**WHAT YOU WILL DO**
Quote all of the data below exactly, please.

**DATA FOR ANALYSIS**
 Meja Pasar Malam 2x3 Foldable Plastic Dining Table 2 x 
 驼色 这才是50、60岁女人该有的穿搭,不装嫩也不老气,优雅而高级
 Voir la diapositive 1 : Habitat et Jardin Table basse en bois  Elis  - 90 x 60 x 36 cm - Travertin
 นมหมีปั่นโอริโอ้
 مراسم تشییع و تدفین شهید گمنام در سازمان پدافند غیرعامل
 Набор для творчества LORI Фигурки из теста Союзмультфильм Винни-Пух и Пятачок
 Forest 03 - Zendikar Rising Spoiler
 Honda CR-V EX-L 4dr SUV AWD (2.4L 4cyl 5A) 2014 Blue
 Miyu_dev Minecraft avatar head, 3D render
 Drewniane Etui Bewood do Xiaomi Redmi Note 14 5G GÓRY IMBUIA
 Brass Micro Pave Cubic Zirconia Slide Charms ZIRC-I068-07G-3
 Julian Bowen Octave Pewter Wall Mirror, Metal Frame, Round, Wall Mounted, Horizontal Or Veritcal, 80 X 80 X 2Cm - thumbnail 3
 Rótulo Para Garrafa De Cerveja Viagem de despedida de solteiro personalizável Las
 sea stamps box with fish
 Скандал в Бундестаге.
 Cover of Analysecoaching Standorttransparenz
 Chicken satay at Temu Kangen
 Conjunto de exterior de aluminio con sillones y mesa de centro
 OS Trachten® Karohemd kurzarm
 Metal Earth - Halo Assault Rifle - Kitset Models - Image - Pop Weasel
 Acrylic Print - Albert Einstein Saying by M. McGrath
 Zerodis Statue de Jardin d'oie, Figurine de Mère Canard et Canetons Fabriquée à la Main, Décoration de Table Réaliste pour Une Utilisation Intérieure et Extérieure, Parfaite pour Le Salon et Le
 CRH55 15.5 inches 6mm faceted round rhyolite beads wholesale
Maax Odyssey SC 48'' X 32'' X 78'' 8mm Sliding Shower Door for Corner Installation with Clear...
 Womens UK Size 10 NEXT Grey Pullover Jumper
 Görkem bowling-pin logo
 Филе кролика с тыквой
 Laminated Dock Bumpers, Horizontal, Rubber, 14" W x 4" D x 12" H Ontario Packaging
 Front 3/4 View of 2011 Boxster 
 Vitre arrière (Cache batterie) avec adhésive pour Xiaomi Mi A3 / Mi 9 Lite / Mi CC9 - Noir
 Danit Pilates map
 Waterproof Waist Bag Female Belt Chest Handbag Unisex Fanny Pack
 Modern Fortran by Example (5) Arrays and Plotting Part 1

**EXPECTED ANSWER**
 Meja Pasar Malam 2x3 Foldable Plastic Dining Table 2 x 
 驼色 这才是50、60岁女人该有的穿搭,不装嫩也不老气,优雅而高级
 Voir la diapositive 1 : Habitat et Jardin Table basse en bois  Elis  - 90 x 60 x 36 cm - Travertin
 นมหมีปั่นโอริโอ้
 مراسم تشییع و تدفین شهید گمنام در سازمان پدافند غیرعامل
 Набор для творчества LORI Фигурки из теста Союзмультфильм Винни-Пух и Пятачок
 Forest 03 - Zendikar Rising Spoiler
 Honda CR-V EX-L 4dr SUV AWD (2.4L 4cyl 5A) 2014 Blue
 Miyu_dev Minecraft avatar head, 3D render
 Drewniane Etui Bewood do Xiaomi Redmi Note 14 5G GÓRY IMBUIA
 Brass Micro Pave Cubic Zirconia Slide Charms ZIRC-I068-07G-3
 Julian Bowen Octave Pewter Wall Mirror, Metal Frame, Round, Wall Mounted, Horizontal Or Veritcal, 80 X 80 X 2Cm - thumbnail 3
 Rótulo Para Garrafa De Cerveja Viagem de despedida de solteiro personalizável Las
 sea stamps box with fish
 Скандал в Бундестаге.
 Cover of Analysecoaching Standorttransparenz
 Chicken satay at Temu Kangen
 Conjunto de exterior de aluminio con sillones y mesa de centro
 OS Trachten® Karohemd kurzarm
 Metal Earth - Halo Assault Rifle - Kitset Models - Image - Pop Weasel
 Acrylic Print - Albert Einstein Saying by M. McGrath
 Zerodis Statue de Jardin d'oie, Figurine de Mère Canard et Canetons Fabriquée à la Main, Décoration de Table Réaliste pour Une Utilisation Intérieure et Extérieure, Parfaite pour Le Salon et Le
 CRH55 15.5 inches 6mm faceted round rhyolite beads wholesale
Maax Odyssey SC 48'' X 32'' X 78'' 8mm Sliding Shower Door for Corner Installation with Clear...
 Womens UK Size 10 NEXT Grey Pullover Jumper
 Görkem bowling-pin logo
 Филе кролика с тыквой
 Laminated Dock Bumpers, Horizontal, Rubber, 14" W x 4" D x 12" H Ontario Packaging
 Front 3/4 View of 2011 Boxster 
 Vitre arrière (Cache batterie) avec adhésive pour Xiaomi Mi A3 / Mi 9 Lite / Mi CC9 - Noir
 Danit Pilates map
 Waterproof Waist Bag Female Belt Chest Handbag Unisex Fanny Pack
 Modern Fortran by Example (5) Arrays and Plotting Part 1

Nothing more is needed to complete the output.